Stock turbulence is worrying for IPOs
The initial public offerings of several prominent Boston-area companies this year were supposed to be the first in a series of success stories for the region’s blossoming crop of startups.
Now, after a wild week of ups and downs on the stock market, leaders at Boston’s IPO-bound technology companies are privately weighing whether to delay, according to their investors.
“For companies on the precipice of going public, it’s a deep concern,” said Jeff Bussgang, a partner at Flybridge Capital Partners. “IPOs require calm markets.”
Bussgang and other venture backers would not comment specifically on any of the companies in their portfolios. One business backed by Flybridge, digital marketing firm dataXu, is among a handful of local tech outfits that analysts say will try to go public within the next year. Others include Waltham data-storage company Actifio Inc., Burlington-based software firm Acquia Inc., and cybersecurity companies Bit9 Inc. and Veracode Inc.
After hitting an all-time high of 17,279 in mid-September, the Dow Jones industrial average entered a steep dive late last week that bottomed out at 16,117 Thursday. On Friday, the index clawed back to 16,380, though that leaves the Dow slightly down on the year.
As the next wave of companies consider going public, the experiences of two marquee Boston-area companies that concluded IPOs in the past few weeks don’t offer easy lessons.
Shares of Boston-based online home goods retailer Wayfair floundered after a strong opening, sinking as low as 22 percent below its initial $29 price before rallying somewhat Friday. But digital marketer HubSpot has mostly been riding high, its shares remaining well above the IPO price of $25.
Some investors cautioned against drawing conclusions from Wayfair’s and HubSpot’s performances so far.
“Is this is a sneeze, a cold, the flu? No one knows yet,” said Maia Heymann, senior managing director of Cambridge venture capital firm CommonAngels Ventures. “Great companies that are growing and hitting their plans can get out even in choppy markets.”
The market turmoil comes amidst a bumper crop of IPOs. According to Renaissance Capital, 316 companies have filed to go public so far this year, compared to 256 in all of 2013.
Heymann and other investors are counseling against panic. They say the recent market dive is unlikely to be a harbinger of a larger collapse, and that a healthy dose of skepticism keeps bubbles from forming. Some investors even use the market turmoil to remind entrepreneurs to make sure their companies are in sound shape.
“What this really requires them to do is make sure the fundamentals are there: the numbers, the story, the positioning,” said Sean Dalton, a partner at Highland Capital Partners. “If you’re not there, this is a chance to slow things down a little bit and make sure you address those deficiencies.”
In going public, investors said companies must consider factors including how much money they have on hand now, the size of their company, and how well-known their brand is.
Larger, established companies have it easier; they’re less likely to be blown by daily market winds. But for smaller companies, getting IPO timing right can be a life-or-death decision.

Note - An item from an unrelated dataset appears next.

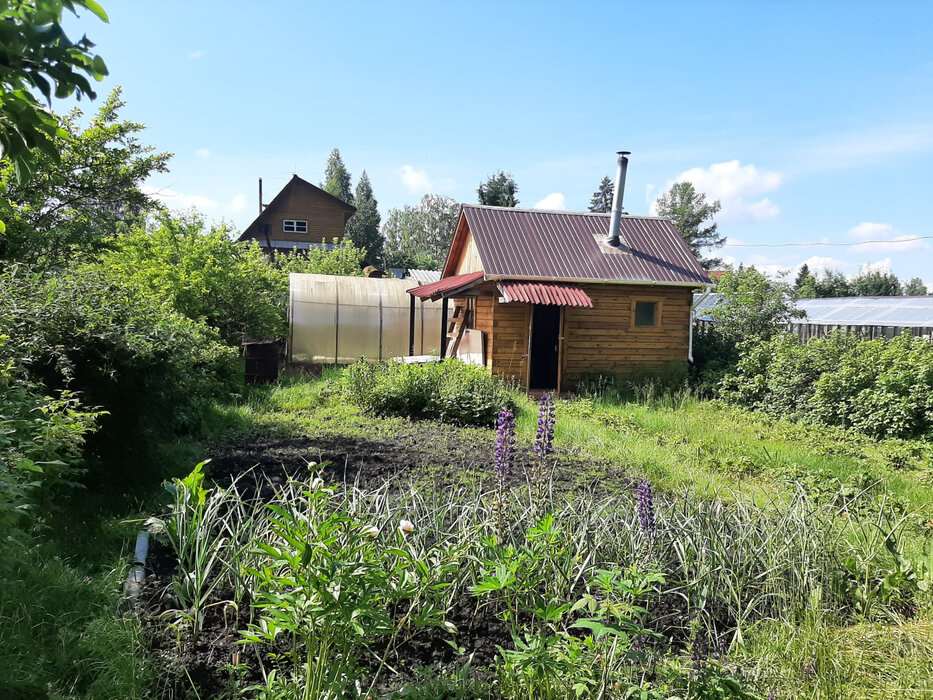 Екатеринбург, КС Кедр-93 - фото сада (11)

“If you’re a smaller company and your stock goes south on the first day, a lot of shareholders will just dump,” said Ben Howe, chief executive of investment bank America’s Growth Capital. “To get them back in and committed after you’ve disappointed them like that is really hard.”
Investors noted that an IPO is an expensive and potentially distracting challenge. Companies must satisfy regulatory requirements, carefully manage shareholder expectations, and spend time on the road schmoozing investment bankers and potential investors. The further along a company is in that process, the more likely it is to complete an IPO, whatever the market conditions.
For pre-IPO companies that decide to wait, the delays may be especially frustrating because market volatility is often triggered by remote events that have little bearing on their business. “If you’re the CEO of a private tech company, you can neither control those things or let yourself get too distracted by them,’’ Bussgang said.